Tomorrow, I work my first ever Artist’s Alley! I’ve been reflecting a lot on my past works and how much I’ve developed as an artist.
No longer are doodle pages the majority of what I do. They are still a huge chunk of my time, and incredibly important (I cannot think of a way to truly express just how important they still are!). And yet, now I am finding myself drawing pages of sketches where I am specifically experimenting with skills I want to improve upon.
It’s like the doodles get my ideas or spirit out onto paper while practicing with the skills I have. The sketches where I am practicing a skill specifically use content that comes so naturally to me. I’m glad I spent so much time drawing purely from the heart as I have, otherwise fixing my attention onto skill-building would seem too daunting.
Check out the above pictures of some sketchbook pages I’ve shared on Twitter recently. I’m trying to improve the faces I draw, the perspective of important objects, and still life realism (respectively) in these pages. While they aren’t perfectly executed, I’m proud. Those are skills I’ve never felt confident in, but have always wanted to improve.

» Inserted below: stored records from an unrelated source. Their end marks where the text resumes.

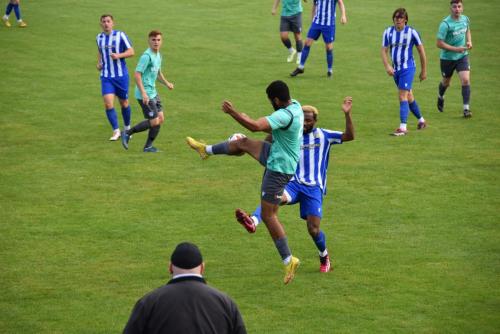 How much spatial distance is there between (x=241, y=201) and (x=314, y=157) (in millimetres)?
3317

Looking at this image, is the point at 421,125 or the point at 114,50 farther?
the point at 421,125

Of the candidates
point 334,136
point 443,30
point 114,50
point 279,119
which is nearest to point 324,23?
point 443,30

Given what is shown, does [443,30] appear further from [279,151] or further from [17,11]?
[17,11]

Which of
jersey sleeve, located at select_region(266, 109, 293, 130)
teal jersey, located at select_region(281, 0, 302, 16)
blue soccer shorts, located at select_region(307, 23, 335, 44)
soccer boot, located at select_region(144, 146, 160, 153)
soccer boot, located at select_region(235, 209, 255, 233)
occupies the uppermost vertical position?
jersey sleeve, located at select_region(266, 109, 293, 130)

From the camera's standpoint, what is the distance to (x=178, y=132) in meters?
18.5

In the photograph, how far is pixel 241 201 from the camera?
1435cm

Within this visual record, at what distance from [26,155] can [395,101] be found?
9.13 meters

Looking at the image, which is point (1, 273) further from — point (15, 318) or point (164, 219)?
point (164, 219)

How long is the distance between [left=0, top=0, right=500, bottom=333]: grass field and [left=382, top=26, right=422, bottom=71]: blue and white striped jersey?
5.02 ft

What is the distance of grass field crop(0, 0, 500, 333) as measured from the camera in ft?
33.8

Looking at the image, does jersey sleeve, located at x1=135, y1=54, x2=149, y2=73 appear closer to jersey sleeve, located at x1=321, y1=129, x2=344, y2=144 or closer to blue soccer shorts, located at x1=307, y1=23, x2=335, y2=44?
jersey sleeve, located at x1=321, y1=129, x2=344, y2=144

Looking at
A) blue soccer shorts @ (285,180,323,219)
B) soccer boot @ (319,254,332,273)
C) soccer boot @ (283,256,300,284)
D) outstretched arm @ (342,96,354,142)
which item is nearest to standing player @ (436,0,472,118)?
outstretched arm @ (342,96,354,142)

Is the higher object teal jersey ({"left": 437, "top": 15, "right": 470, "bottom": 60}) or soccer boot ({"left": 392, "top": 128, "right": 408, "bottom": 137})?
teal jersey ({"left": 437, "top": 15, "right": 470, "bottom": 60})

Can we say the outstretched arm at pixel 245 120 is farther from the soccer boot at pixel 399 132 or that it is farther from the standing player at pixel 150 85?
the soccer boot at pixel 399 132
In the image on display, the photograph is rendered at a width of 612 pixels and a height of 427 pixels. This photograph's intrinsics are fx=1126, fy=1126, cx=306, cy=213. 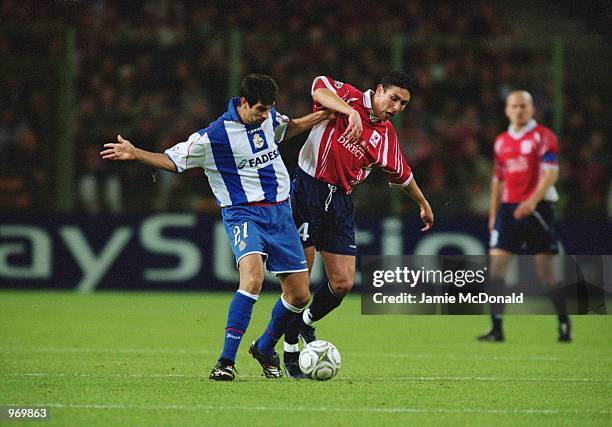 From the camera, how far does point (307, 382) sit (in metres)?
7.25

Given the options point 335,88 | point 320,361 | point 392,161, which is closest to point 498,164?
point 392,161

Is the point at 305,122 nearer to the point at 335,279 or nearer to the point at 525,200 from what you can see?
the point at 335,279

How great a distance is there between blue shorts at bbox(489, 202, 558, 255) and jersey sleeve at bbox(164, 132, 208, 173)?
469cm

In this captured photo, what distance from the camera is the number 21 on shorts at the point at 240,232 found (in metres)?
7.13

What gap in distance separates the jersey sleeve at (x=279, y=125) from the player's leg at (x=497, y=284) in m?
4.08

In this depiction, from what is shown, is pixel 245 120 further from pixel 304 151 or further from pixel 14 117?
pixel 14 117

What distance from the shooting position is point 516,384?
7.32m

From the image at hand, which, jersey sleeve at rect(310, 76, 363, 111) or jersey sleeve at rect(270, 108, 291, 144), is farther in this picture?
jersey sleeve at rect(310, 76, 363, 111)

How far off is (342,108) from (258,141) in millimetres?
674

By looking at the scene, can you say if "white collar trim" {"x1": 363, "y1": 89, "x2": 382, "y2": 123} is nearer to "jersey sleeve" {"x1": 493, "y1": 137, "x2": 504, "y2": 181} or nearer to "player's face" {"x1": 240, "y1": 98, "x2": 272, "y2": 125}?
"player's face" {"x1": 240, "y1": 98, "x2": 272, "y2": 125}

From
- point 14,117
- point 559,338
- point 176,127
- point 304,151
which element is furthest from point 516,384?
point 14,117

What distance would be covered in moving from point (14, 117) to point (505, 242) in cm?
734

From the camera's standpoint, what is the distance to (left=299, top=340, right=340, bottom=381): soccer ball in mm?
7312

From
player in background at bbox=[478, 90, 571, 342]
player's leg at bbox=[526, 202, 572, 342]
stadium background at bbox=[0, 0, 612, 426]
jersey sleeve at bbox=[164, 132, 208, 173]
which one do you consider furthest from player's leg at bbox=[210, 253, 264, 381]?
stadium background at bbox=[0, 0, 612, 426] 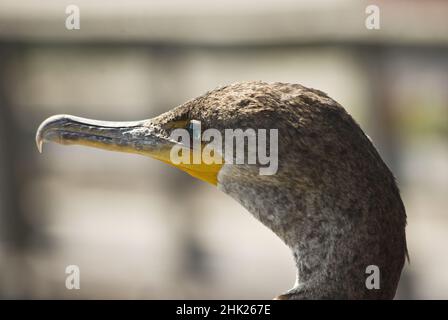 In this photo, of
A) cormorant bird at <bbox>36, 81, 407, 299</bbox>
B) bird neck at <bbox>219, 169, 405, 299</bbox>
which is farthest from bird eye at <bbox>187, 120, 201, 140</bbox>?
bird neck at <bbox>219, 169, 405, 299</bbox>

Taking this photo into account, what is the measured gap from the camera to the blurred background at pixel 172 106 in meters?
6.06

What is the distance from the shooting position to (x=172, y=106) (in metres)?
6.47

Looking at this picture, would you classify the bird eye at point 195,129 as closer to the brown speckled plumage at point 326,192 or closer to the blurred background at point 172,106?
the brown speckled plumage at point 326,192

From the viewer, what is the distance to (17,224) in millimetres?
7004

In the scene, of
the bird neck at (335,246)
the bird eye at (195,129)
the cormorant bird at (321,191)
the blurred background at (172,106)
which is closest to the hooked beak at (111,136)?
the bird eye at (195,129)

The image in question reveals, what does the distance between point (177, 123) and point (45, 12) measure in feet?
11.7

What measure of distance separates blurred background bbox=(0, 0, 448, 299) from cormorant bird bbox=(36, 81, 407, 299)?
303cm

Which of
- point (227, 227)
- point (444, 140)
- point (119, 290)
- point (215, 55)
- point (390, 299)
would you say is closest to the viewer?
point (390, 299)

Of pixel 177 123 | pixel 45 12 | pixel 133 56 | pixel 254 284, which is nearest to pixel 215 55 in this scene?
pixel 133 56

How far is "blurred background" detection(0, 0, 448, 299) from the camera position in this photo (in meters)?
6.06

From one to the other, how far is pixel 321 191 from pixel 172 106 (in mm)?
3694

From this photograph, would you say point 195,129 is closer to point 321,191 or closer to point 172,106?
point 321,191

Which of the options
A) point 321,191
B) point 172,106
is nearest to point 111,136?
point 321,191

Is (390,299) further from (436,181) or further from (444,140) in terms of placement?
(444,140) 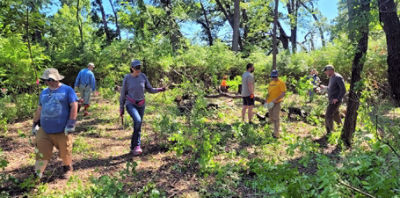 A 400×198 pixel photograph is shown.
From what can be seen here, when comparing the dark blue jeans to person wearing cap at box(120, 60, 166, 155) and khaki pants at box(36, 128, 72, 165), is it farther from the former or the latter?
khaki pants at box(36, 128, 72, 165)

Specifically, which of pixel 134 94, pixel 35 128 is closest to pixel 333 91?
pixel 134 94

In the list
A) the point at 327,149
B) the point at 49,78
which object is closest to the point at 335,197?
the point at 49,78

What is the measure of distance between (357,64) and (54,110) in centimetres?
542

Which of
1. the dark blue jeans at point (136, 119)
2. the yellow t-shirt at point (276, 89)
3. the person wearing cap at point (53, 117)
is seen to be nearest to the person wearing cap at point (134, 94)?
the dark blue jeans at point (136, 119)

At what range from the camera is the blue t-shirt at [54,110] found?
13.0ft

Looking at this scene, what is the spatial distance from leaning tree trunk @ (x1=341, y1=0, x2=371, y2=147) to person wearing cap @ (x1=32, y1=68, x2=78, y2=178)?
455 centimetres

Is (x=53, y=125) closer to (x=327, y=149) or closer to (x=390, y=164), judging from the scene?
(x=390, y=164)

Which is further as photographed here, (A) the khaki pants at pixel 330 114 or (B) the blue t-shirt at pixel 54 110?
(A) the khaki pants at pixel 330 114

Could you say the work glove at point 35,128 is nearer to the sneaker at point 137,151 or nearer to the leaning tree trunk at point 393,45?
the sneaker at point 137,151

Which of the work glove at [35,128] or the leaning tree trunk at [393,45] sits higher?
the leaning tree trunk at [393,45]

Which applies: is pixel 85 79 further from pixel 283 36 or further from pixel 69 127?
pixel 283 36

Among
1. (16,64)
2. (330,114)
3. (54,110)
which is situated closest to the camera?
(54,110)

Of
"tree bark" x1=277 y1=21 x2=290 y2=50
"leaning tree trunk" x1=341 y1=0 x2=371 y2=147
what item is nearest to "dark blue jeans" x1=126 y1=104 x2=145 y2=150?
"leaning tree trunk" x1=341 y1=0 x2=371 y2=147

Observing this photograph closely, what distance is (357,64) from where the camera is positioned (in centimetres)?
534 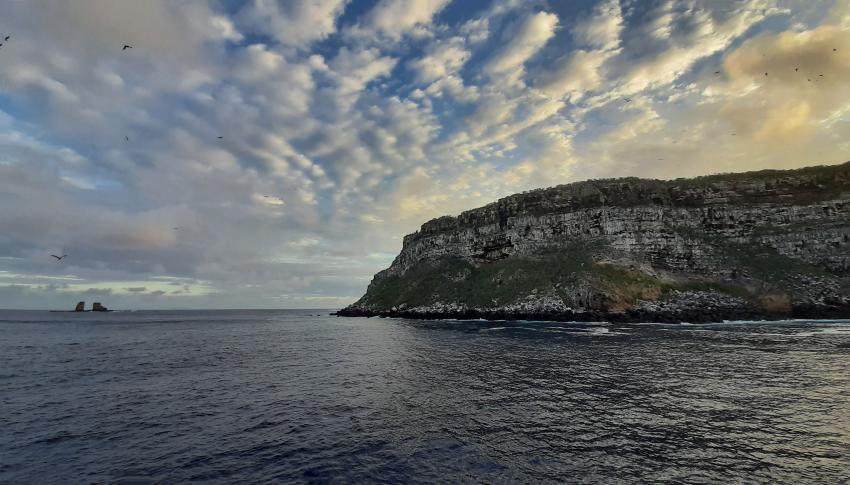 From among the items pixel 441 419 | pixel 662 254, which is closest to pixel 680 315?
pixel 662 254

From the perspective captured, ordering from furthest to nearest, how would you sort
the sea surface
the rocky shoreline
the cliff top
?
the cliff top < the rocky shoreline < the sea surface

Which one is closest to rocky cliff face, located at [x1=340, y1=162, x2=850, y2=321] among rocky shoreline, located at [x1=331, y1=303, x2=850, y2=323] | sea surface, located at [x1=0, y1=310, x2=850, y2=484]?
rocky shoreline, located at [x1=331, y1=303, x2=850, y2=323]

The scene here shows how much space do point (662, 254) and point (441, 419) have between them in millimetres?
112173

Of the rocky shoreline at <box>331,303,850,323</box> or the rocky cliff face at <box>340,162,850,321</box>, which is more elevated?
the rocky cliff face at <box>340,162,850,321</box>

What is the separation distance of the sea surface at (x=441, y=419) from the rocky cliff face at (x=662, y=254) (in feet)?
186

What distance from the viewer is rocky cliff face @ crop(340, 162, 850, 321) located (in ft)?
303

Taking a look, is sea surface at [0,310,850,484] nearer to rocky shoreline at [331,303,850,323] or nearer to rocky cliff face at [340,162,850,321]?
rocky shoreline at [331,303,850,323]

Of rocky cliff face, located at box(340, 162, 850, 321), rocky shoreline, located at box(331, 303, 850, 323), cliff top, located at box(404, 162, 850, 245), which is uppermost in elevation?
cliff top, located at box(404, 162, 850, 245)

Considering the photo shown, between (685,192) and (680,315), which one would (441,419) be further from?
(685,192)

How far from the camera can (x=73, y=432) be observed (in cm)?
2206

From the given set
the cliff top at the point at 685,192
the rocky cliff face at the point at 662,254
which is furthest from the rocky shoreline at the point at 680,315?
the cliff top at the point at 685,192

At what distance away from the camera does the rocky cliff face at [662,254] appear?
92438mm

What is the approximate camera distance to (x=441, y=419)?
2309 centimetres

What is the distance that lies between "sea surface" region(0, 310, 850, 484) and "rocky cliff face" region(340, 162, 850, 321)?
5667 centimetres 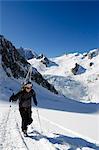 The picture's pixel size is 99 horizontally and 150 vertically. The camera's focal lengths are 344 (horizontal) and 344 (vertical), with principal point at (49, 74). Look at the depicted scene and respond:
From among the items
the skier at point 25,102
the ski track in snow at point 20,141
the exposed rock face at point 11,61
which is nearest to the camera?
the ski track in snow at point 20,141

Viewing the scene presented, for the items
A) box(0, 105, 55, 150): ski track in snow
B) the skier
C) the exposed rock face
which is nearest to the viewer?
box(0, 105, 55, 150): ski track in snow

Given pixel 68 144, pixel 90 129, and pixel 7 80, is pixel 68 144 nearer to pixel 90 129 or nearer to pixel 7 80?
pixel 90 129

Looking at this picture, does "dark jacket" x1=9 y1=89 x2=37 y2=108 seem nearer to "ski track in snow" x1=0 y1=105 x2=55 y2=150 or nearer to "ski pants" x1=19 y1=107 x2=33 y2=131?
"ski pants" x1=19 y1=107 x2=33 y2=131

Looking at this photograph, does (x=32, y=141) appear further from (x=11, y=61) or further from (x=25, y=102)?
(x=11, y=61)

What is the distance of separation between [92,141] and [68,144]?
161cm

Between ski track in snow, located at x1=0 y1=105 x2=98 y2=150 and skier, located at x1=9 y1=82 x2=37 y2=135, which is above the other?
skier, located at x1=9 y1=82 x2=37 y2=135

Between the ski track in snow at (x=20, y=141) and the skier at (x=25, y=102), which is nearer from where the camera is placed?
the ski track in snow at (x=20, y=141)

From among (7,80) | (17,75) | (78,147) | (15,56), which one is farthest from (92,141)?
(15,56)

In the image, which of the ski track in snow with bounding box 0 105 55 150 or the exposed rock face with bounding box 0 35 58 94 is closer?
the ski track in snow with bounding box 0 105 55 150

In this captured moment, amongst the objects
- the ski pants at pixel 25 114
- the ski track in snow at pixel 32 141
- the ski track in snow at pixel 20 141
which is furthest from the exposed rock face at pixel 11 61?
the ski pants at pixel 25 114

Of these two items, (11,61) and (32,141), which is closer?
(32,141)

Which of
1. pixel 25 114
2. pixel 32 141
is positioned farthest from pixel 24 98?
pixel 32 141

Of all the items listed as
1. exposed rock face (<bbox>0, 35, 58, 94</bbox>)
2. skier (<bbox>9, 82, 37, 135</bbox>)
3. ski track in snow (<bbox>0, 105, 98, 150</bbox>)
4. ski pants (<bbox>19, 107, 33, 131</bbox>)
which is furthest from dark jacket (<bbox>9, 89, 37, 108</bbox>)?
exposed rock face (<bbox>0, 35, 58, 94</bbox>)

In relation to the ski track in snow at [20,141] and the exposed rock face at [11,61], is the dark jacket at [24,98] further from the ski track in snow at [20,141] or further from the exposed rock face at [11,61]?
the exposed rock face at [11,61] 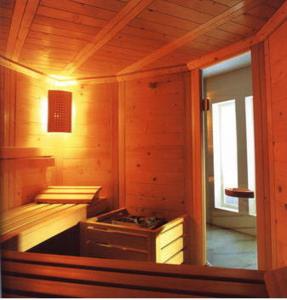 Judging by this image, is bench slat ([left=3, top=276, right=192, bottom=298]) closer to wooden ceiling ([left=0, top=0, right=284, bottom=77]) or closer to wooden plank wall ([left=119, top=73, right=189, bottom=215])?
wooden ceiling ([left=0, top=0, right=284, bottom=77])

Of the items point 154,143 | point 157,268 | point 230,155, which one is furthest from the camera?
point 230,155

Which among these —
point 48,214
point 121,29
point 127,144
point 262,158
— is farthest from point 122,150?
point 262,158

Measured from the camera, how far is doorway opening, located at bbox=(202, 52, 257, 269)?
3.43 metres

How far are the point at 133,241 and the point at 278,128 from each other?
4.50ft

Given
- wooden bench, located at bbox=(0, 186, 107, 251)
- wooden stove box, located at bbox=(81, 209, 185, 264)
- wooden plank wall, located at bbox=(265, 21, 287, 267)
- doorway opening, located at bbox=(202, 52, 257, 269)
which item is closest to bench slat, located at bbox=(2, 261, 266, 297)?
wooden bench, located at bbox=(0, 186, 107, 251)

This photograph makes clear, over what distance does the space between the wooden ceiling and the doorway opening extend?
143cm

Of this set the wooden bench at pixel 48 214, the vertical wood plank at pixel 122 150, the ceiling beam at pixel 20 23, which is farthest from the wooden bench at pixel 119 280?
the vertical wood plank at pixel 122 150

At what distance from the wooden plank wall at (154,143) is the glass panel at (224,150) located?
1.23 metres

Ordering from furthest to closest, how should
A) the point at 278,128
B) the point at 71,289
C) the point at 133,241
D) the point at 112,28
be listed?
the point at 133,241 → the point at 112,28 → the point at 278,128 → the point at 71,289

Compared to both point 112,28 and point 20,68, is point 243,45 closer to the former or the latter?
point 112,28

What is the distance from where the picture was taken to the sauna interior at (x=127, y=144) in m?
0.92

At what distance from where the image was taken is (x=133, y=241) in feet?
6.73

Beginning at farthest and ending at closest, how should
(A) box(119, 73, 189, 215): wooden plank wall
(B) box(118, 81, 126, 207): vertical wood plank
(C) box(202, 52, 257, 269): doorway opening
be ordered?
(C) box(202, 52, 257, 269): doorway opening < (B) box(118, 81, 126, 207): vertical wood plank < (A) box(119, 73, 189, 215): wooden plank wall

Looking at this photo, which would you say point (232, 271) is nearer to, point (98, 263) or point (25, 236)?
point (98, 263) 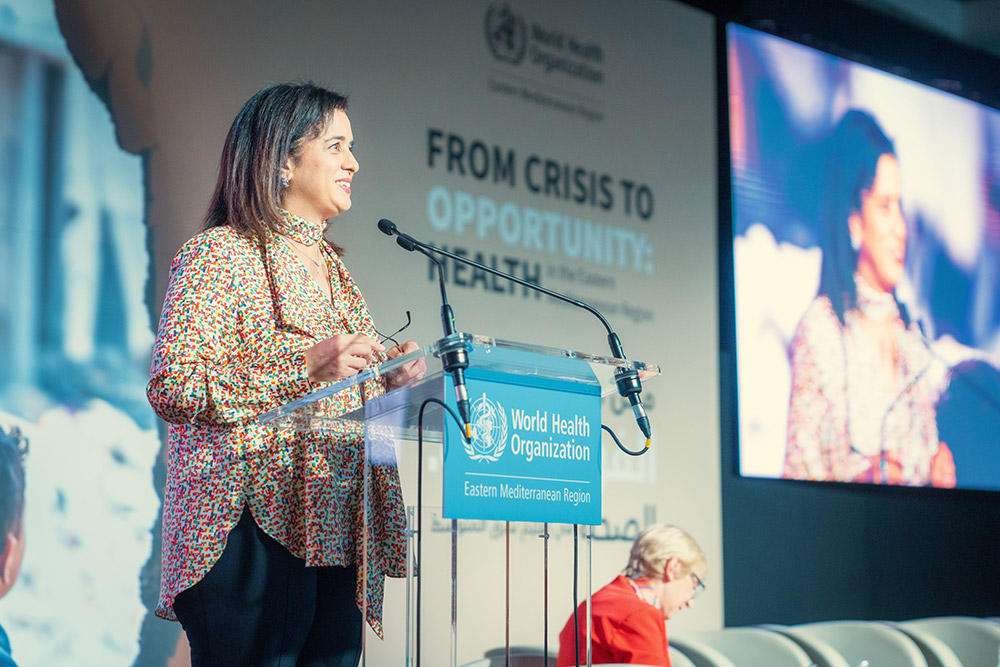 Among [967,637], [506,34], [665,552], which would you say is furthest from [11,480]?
[967,637]

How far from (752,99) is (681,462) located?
5.93 feet

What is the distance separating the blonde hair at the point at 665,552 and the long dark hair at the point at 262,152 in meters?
2.20

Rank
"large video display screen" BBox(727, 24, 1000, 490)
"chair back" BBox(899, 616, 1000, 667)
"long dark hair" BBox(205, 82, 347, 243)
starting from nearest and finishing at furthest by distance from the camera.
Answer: "long dark hair" BBox(205, 82, 347, 243) < "chair back" BBox(899, 616, 1000, 667) < "large video display screen" BBox(727, 24, 1000, 490)

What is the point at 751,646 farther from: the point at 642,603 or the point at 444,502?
the point at 444,502

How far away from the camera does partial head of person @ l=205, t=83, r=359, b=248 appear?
6.76ft

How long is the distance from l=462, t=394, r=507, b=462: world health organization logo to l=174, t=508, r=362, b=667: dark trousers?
42 cm

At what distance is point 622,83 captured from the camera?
196 inches

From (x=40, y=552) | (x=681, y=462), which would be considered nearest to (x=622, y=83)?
(x=681, y=462)

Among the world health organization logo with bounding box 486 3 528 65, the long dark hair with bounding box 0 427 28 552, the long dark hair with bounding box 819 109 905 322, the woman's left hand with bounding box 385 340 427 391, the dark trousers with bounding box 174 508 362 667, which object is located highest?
the world health organization logo with bounding box 486 3 528 65

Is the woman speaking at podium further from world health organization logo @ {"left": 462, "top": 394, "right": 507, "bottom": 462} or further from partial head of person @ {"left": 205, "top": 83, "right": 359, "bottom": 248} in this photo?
world health organization logo @ {"left": 462, "top": 394, "right": 507, "bottom": 462}

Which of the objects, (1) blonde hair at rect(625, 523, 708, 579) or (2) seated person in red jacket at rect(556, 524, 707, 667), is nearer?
(2) seated person in red jacket at rect(556, 524, 707, 667)

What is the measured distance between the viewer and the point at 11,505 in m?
3.20

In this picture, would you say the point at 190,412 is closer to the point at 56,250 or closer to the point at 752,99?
the point at 56,250

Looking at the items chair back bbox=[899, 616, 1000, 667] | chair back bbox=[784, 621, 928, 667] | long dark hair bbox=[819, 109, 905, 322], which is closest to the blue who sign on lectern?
chair back bbox=[784, 621, 928, 667] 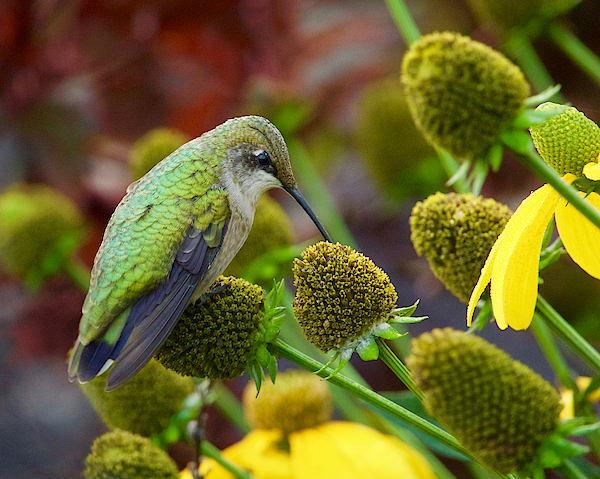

But in terms of my themes and the content of my works – they are still creepy, weird, and emotional. I’m still drawing lots of personal explorations, along with my monsters and more fantastical or abstract representations; I don’t fathom those will ever go away (or can).
The main thing I hope to achieve at the Artist’s Alley tomorrow is hopefully realistic enough: to have more people see what I do. Secretly, I hope that out of those people, I will have a chance to interact with the one who looks at my works and sees their own weirdness.